Inference Builder Overview#
Inference Builder is an open-source tool that automates the generation of end-to-end inference pipelines across multiple AI frameworks. It supports seamless integration of custom logic and can package the entire pipeline as a deployable container image.
To generate an inference pipeline, you only need to provide a single YAML configuration file to define the pipeline, including model selection, input/output formats, backend inference engines, and any custom preprocessing or postprocessing code. The output is either a standalone Python application, or a microservice when a server type is appropriately specified and an OpenAPI spec is provided.
Note
This document offers a quick overview for Inference Builder. For detailed information about the usage of Inference Builder, how it works, the features it supports, etc., please refer to the Inference Builder README page.
Inference Builder Setup#
The recommended OS for running the Inference Builder is Ubuntu Desktop 24.04 with python 3.12.

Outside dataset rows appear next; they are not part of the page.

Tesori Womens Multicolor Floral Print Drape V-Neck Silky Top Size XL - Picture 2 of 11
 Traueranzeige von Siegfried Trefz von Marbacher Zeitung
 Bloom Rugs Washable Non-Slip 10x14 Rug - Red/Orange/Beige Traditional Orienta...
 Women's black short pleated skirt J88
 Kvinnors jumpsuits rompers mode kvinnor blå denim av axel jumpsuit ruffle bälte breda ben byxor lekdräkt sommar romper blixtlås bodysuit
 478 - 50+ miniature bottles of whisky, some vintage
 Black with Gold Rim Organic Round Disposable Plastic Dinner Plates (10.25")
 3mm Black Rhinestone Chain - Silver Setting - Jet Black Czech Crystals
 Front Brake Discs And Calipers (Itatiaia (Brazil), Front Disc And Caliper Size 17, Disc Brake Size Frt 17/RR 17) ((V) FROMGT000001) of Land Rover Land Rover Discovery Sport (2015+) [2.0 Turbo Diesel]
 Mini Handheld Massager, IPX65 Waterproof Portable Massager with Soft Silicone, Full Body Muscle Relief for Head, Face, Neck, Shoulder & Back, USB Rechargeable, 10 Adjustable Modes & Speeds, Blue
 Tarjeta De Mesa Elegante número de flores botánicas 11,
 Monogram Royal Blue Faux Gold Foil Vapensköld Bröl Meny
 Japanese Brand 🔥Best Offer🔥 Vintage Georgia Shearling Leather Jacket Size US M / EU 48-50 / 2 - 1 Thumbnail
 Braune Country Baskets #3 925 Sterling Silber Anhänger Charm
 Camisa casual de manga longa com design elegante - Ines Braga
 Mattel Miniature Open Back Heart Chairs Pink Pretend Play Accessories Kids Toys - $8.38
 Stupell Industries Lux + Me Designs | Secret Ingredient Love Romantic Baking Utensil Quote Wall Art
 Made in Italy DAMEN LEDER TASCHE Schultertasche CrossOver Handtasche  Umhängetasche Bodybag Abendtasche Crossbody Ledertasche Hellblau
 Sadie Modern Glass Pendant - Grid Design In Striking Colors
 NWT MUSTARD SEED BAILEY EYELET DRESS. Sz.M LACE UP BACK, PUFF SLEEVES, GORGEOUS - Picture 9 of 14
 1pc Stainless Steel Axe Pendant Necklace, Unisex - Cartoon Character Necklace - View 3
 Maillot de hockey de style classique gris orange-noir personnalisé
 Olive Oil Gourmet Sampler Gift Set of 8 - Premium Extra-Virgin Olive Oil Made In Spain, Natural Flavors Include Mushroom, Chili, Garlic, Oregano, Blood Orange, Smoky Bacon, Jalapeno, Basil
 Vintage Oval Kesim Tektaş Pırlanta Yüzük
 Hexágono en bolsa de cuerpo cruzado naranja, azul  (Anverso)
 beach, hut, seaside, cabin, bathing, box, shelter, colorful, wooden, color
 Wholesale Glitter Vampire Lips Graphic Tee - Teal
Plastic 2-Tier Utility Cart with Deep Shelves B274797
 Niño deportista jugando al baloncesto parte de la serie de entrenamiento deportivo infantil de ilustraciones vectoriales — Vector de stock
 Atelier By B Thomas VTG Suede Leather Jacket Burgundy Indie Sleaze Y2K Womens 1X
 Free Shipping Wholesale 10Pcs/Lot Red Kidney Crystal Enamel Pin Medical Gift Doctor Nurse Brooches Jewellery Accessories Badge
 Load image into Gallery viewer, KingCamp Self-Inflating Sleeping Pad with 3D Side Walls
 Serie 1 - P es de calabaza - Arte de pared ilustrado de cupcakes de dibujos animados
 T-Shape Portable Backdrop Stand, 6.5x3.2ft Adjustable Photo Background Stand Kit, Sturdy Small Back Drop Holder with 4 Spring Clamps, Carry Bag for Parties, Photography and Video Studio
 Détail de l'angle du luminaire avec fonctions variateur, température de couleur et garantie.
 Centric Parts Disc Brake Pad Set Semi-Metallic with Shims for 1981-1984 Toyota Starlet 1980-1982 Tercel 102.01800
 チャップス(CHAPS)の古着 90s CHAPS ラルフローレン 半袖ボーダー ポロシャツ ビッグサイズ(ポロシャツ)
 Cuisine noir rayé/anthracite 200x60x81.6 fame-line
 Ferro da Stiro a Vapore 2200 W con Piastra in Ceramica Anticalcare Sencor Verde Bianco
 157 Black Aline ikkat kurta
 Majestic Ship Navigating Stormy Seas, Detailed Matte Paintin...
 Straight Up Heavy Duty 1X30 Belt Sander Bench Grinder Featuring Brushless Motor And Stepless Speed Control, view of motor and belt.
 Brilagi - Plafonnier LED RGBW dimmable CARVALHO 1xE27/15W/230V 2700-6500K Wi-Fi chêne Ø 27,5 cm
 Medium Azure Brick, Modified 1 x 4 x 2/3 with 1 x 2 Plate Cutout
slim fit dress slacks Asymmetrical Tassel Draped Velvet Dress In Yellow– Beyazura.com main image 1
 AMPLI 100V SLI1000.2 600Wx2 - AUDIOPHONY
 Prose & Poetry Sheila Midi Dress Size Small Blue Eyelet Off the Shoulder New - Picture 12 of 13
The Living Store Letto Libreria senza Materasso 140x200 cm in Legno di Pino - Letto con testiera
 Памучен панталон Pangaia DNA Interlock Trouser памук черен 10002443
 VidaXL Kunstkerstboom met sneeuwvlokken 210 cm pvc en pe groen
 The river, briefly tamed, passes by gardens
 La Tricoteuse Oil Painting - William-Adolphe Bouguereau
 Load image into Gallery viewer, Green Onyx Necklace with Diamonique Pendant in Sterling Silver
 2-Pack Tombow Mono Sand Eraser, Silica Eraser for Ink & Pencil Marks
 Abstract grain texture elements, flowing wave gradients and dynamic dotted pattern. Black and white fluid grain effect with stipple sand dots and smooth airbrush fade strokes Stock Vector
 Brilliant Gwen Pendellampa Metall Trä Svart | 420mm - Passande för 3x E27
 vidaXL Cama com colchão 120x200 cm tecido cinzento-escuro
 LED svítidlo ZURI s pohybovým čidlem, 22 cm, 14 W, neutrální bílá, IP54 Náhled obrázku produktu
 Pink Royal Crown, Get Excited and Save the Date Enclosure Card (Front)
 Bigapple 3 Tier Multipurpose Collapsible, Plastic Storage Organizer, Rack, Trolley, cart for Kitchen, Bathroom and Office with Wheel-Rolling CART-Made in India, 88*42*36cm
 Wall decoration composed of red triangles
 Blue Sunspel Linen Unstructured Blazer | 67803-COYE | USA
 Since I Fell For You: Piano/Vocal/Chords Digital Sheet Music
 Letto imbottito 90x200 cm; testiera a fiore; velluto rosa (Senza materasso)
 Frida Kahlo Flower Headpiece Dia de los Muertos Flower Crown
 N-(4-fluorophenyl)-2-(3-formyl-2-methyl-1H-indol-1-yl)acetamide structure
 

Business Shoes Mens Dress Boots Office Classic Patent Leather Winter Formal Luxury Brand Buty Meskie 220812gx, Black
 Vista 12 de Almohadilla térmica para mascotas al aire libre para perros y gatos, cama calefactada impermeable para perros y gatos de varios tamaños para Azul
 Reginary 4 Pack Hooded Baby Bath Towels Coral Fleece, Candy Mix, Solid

1. Install prerequisites.#
sudo apt update sudo apt install -y protobuf-compiler python3.12-dev python3.12-venv
2. Clone the Inference Builder repo.#
git clone https://github.com/NVIDIA-AI-IOT/inference_builder
3. Create virtual environment and install dependencies.#
cd inference_builder git submodule update --init --recursive python3 -m venv .venv source .venv/bin/activate pip3 install -r requirements.txt
4. Set up Docker environment#
Before starting with the examples, you need to have a proper docker environment. Below packages are required to build and run the container images:
Docker
Docker Compose
NVIDIA Container Toolkit
Ensure nvidia runtime added to /etc/docker/daemon.json to run GPU-enabled containers
{
"runtimes": {
"nvidia": {
"args": [],
"path": "nvidia-container-runtime"
}
}
}
The docker group must exist in your system, please check if it has been created using “getent group docker”. Your current user must belong to the docker group, If not, run the command below, then log out and back in for the group change to take effect.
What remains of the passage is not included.